Uploaded image for project: 'MariaDB Server'
  1. MariaDB Server
  2. MDEV-33004

innodb.cursor-restore-locking test fails

Details

    Description

      https://buildbot.mariadb.org/#/builders/572/builds/4845/steps/8/logs/stdio:

      innodb.cursor-restore-locking 'innodb'   w30 [ fail ]
              Test ended at 2023-12-08 09:32:32
      CURRENT_TEST: innodb.cursor-restore-locking
      mysqltest: At line 71: query 'reap' failed: 1205: Lock wait timeout exceeded; try restarting transaction
      

      Attachments

        Activity

          The bug is well reproducible and can be recorded with rr.

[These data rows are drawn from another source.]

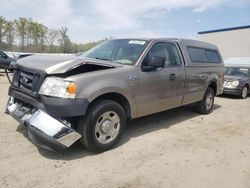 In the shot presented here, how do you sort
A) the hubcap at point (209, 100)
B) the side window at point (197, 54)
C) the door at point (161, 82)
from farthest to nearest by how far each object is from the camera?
the hubcap at point (209, 100) → the side window at point (197, 54) → the door at point (161, 82)

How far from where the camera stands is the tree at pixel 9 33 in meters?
38.8

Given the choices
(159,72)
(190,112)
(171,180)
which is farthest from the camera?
(190,112)

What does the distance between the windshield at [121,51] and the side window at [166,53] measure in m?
0.19

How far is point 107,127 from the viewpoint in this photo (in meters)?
4.11

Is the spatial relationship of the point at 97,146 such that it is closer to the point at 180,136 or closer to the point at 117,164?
the point at 117,164

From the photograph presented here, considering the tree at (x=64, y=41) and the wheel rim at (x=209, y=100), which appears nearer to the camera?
the wheel rim at (x=209, y=100)

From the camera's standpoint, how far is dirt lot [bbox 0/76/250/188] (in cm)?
327

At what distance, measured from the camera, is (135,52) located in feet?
15.8

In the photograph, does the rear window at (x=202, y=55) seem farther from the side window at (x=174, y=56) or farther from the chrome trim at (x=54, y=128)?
the chrome trim at (x=54, y=128)

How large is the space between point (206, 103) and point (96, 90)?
419cm

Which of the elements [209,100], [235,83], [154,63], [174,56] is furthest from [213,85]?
[235,83]

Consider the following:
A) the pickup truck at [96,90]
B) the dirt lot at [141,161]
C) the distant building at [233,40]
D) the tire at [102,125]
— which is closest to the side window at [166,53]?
the pickup truck at [96,90]

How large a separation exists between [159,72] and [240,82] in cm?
702

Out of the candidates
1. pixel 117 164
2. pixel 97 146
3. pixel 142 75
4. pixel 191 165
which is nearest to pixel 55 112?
pixel 97 146
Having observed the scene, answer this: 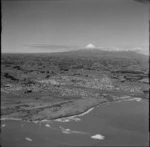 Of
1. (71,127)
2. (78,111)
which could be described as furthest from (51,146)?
(78,111)

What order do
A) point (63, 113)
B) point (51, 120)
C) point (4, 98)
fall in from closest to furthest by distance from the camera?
1. point (51, 120)
2. point (63, 113)
3. point (4, 98)

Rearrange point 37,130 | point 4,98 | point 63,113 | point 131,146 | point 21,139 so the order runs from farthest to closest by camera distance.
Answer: point 4,98
point 63,113
point 37,130
point 21,139
point 131,146

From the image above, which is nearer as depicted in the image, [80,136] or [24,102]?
[80,136]

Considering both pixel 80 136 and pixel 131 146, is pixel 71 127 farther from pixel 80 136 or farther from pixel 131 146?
pixel 131 146

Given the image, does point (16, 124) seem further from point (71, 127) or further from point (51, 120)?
point (71, 127)

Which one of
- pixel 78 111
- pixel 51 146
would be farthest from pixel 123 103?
pixel 51 146

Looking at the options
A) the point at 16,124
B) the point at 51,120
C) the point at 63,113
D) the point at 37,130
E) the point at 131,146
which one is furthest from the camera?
the point at 63,113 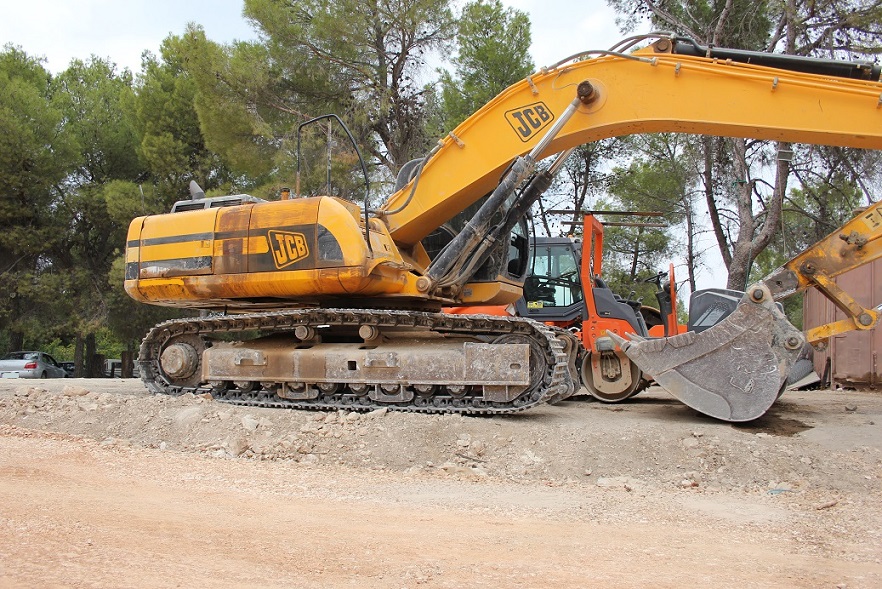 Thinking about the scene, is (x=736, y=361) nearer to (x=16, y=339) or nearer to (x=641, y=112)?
(x=641, y=112)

          The initial state before the bug:
          1. "START TRANSACTION WITH CONSISTENT SNAPSHOT" - is active, has not been rolled back yet
          2. "DELETE FROM t WHERE b = 20 # trx_1" - is committed
          3. "INSERT INTO t VALUES(10, 20) # trx_2" - hanging on "ib_after_row_insert" sync point, waiting for "first_ins_cont" signal
          4. "DELETE FROM t WHERE b = 20 # trx_3" - blocked on delete-marked by trx_1 record, waiting for trx_2
          5. connection "default" is waiting on 'now WAIT_FOR row_purge_del_mark_finished'

          The bug scenario is the following:

          1. trx_purge() is invoked by purge coordinator thread, trx_purge_fetch_next_rec() returns NULL because "START TRANSACTION WITH CONSISTENT SNAPSHOT" is still active and the condition (purge_sys.tail.trx_no >= purge_sys.low_limit_no()) is true. trx_purge_attach_undo_recs() and trx_purge() return 0 to srv_do_purge(), see the following call stack:

          ▾ TrxUndoRsegsIterator::set_next                                                                                     
            ▾ trx_purge_choose_next_log                                                   
              ▾ trx_purge_get_next_rec                                                    
                ▾ trx_purge_fetch_next_rec                                                
                  ▾ trx_purge_attach_undo_recs                                            
                    ▾ trx_purge                                                           
                      ▾ srv_do_purge                                                      
                        ▾ purge_coordinator_callback_low                                  
                          • purge_coordinator_callback 
          

          2. Consider the following code in srv_do_purge():

                  do {                                                                    
                          ...                                                             
                          /* Take a snapshot of the history list before purge. */         
                          if (!(rseg_history_len = trx_sys.rseg_history_len)) {           
                                  ...                                          
                          }                                                               
                                                                                          
                          n_pages_purged = trx_purge(n_use_threads);                      
                          ...                                                             
                  } while (n_pages_purged > 0 && !purge_sys.paused()                      
                           && !srv_purge_should_exit(rseg_history_len)); 
                  return(rseg_history_len);
          

          So, trx_purge() purges nothing because there is transaction with view, which can see the changes, made by trx_1 and trx2, i.e. delete-marked and inserted records. trx_sys.rseg_history_len equal to 2. srv_do_purge() returns 2 despite it purged nothing.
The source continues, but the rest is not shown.